Short text fragments from websites
<<<<
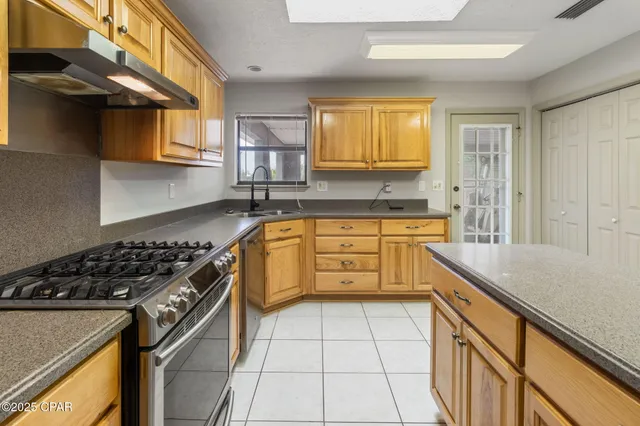 $925,000 | 22875 Northwest Parker Lane, Altha, FL 32421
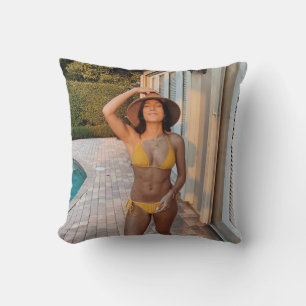 Almofada Mulher de biquíni amarelo em pé no flo castanho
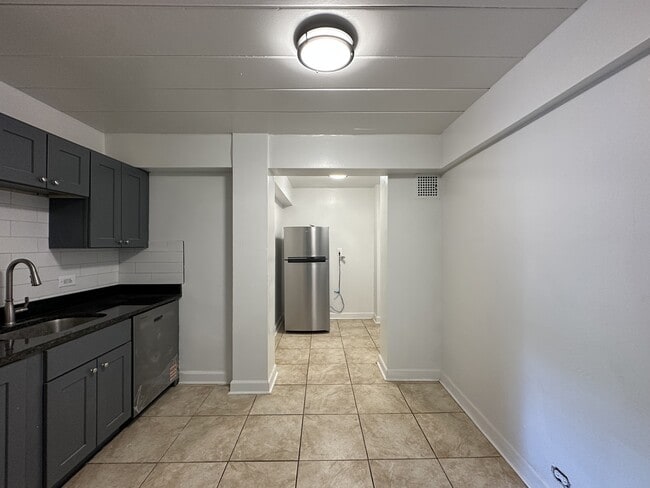 Foto del edificio - 1360 W Touhy Ave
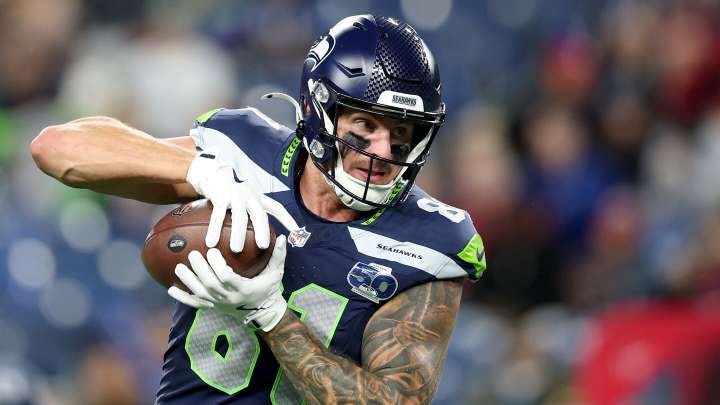 Seahawks activate TE Eric Saubert, sign him to one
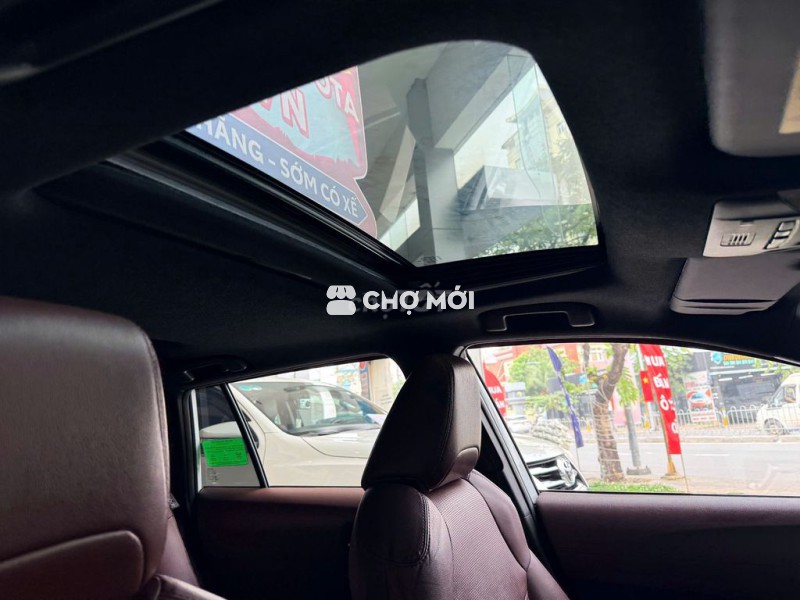 Cross Hybrid 2022 110.000 km giá siêu ưu đãi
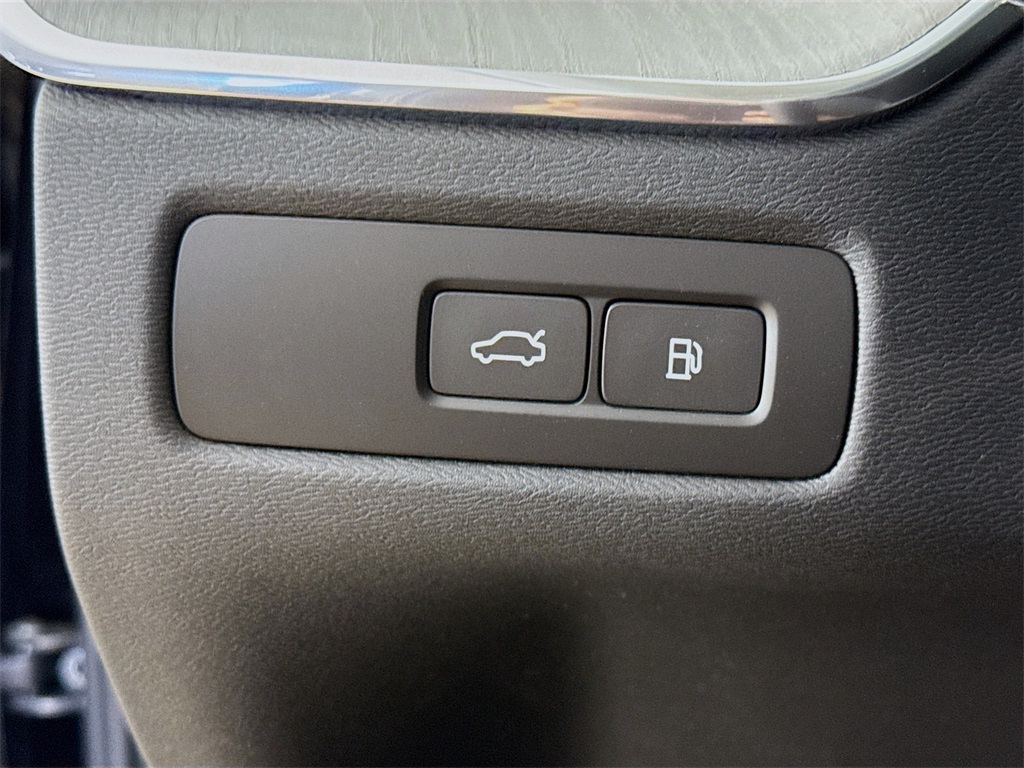 2025 Volvo XC60 Hybrid T8 photo 10
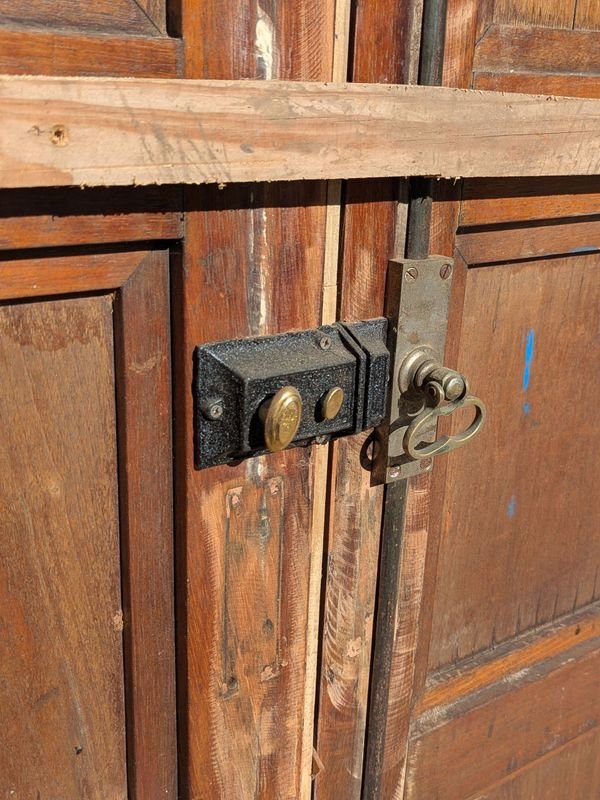Puerta doble en cedro con marco de pinotea - imagen 6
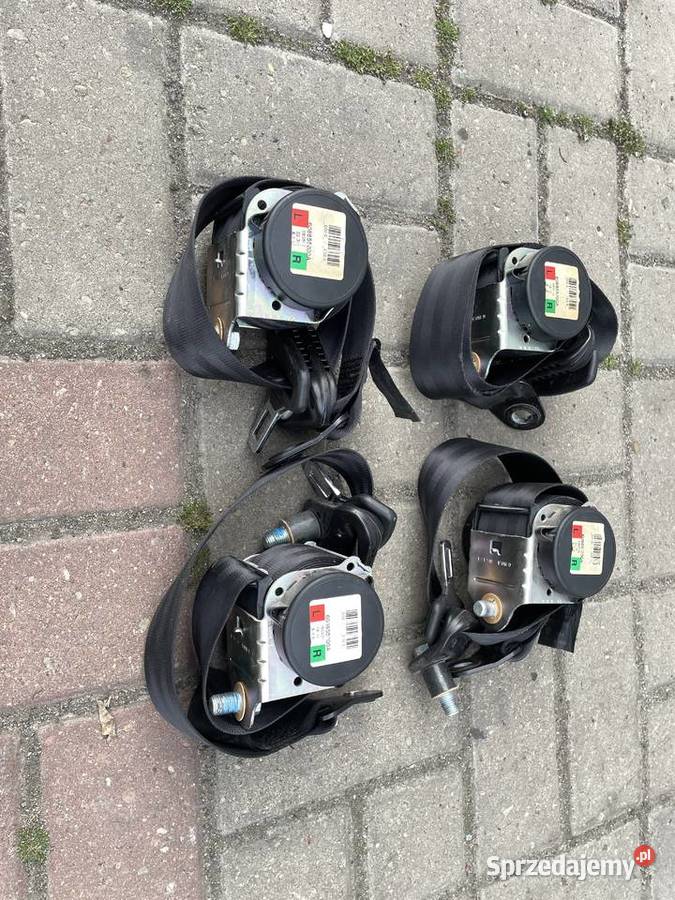 Land Rover Defender PUMA pasy bezpieczeństwa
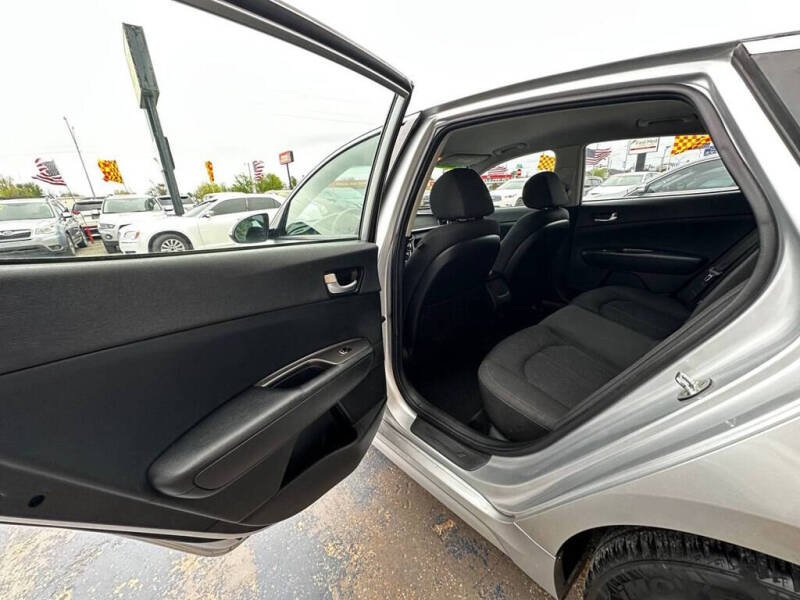 2019 Kia Optima LX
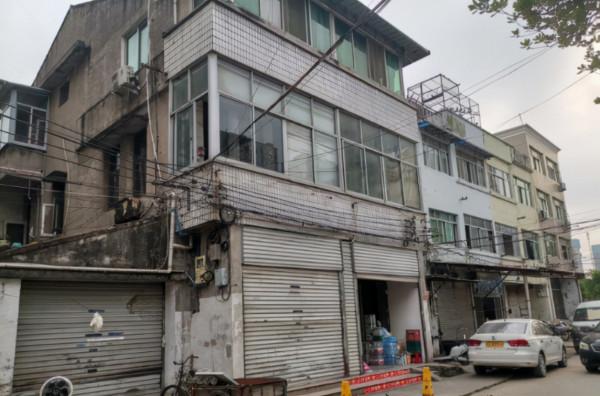 溫州這一城中村，曾經被稱為“娛樂勝地”，如今成為打工人的天堂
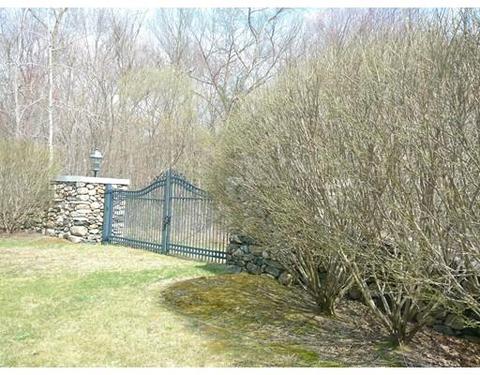 25 Ashkins, Mendon, MA 01756 photo 2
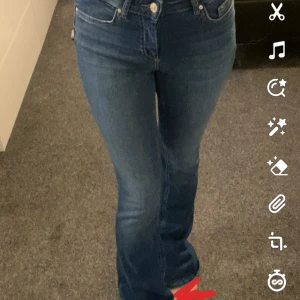 Jeans  - Jeans från ONLY, mörktvätt. Aldrig använda för att dom är för långa, jag är 163cm lång 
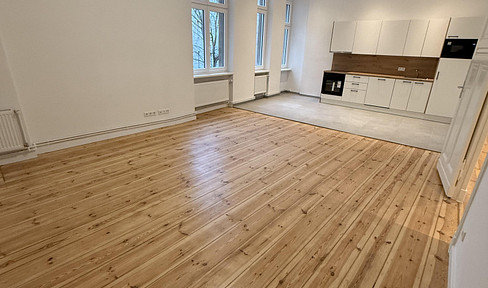 High-quality renovated 3-room apartment with balcony and fitted kitchen in Charlottenburg
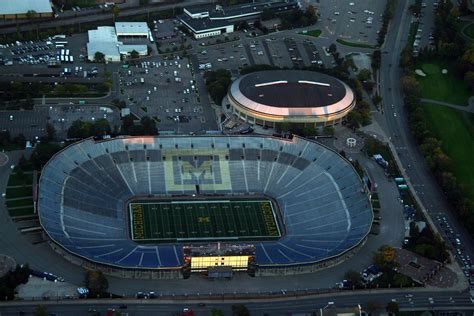 Michigan Stadium Aerial | This photo illustrates Startup Wee… | Flickr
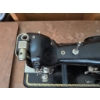 Image 14 : 1951 Pfaff 130 Treadle Sewing Machine with Accessories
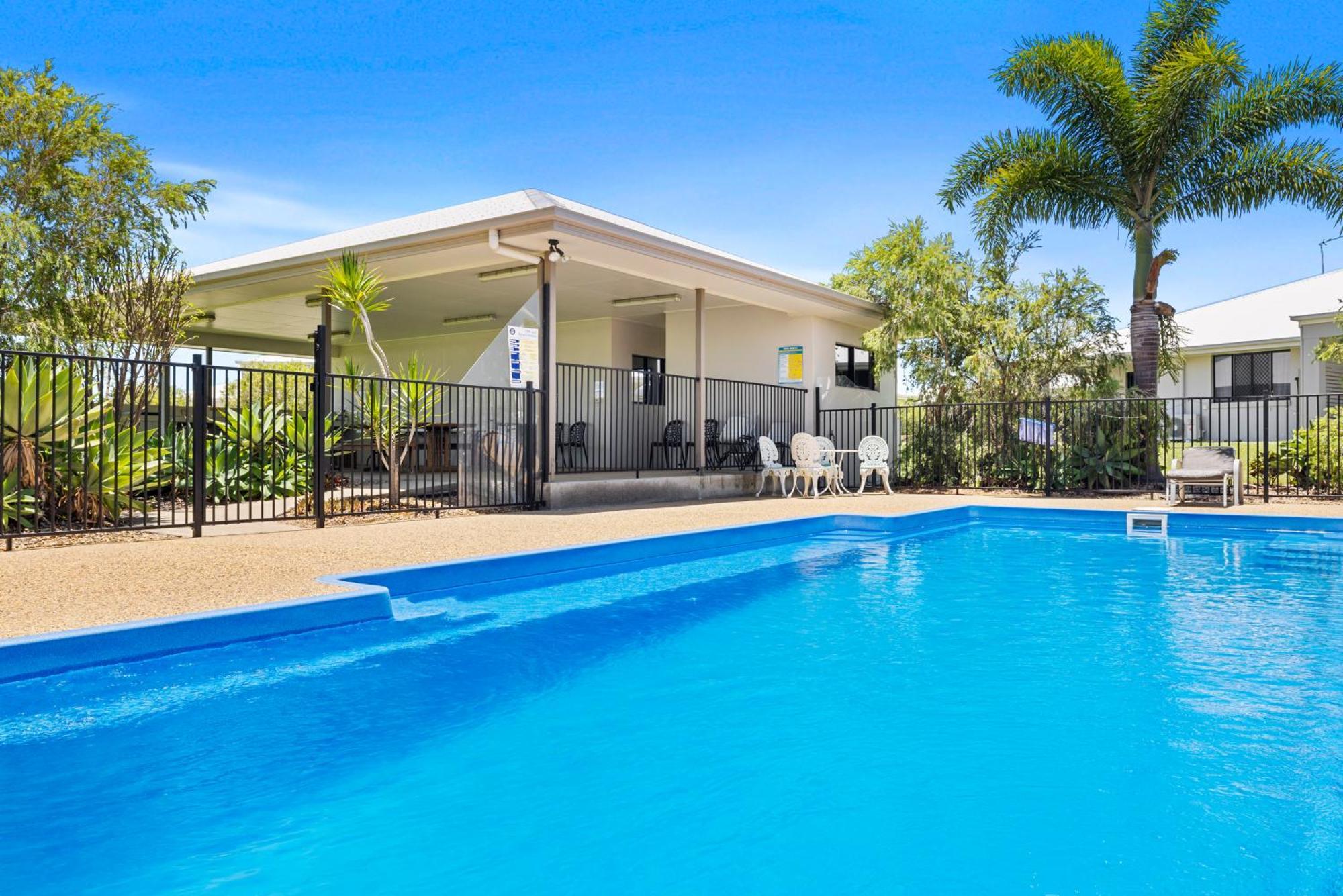 Casa Nostra Motel Rockhampton Eksteriør billede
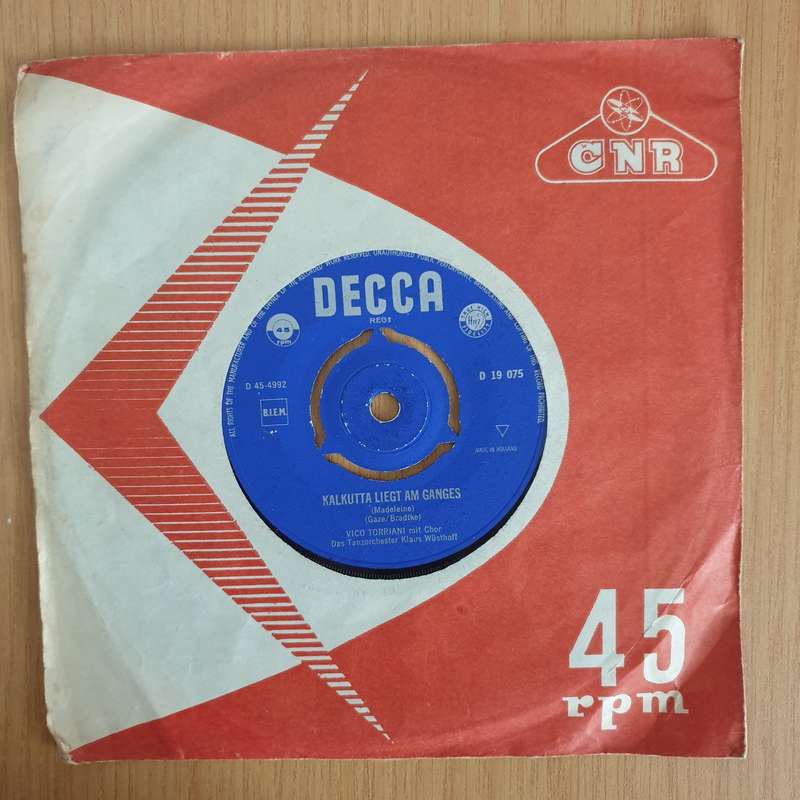 Vico Torriani  Kalkutta Liegt Am Ganges - 7" Vinyl Record  (VG) (DLB)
>>>>
[Aim of the exercise]
Please retype, exactly and only, the lines from the one holding "High-quality renovated 3-room" to the end of the entries, both ends included, without any pictures.

[Solution to the problem]
 High-quality renovated 3-room apartment with balcony and fitted kitchen in Charlottenburg
 Michigan Stadium Aerial | This photo illustrates Startup Wee… | Flickr
 Image 14 : 1951 Pfaff 130 Treadle Sewing Machine with Accessories
 Casa Nostra Motel Rockhampton Eksteriør billede
 Vico Torriani  Kalkutta Liegt Am Ganges - 7" Vinyl Record  (VG) (DLB)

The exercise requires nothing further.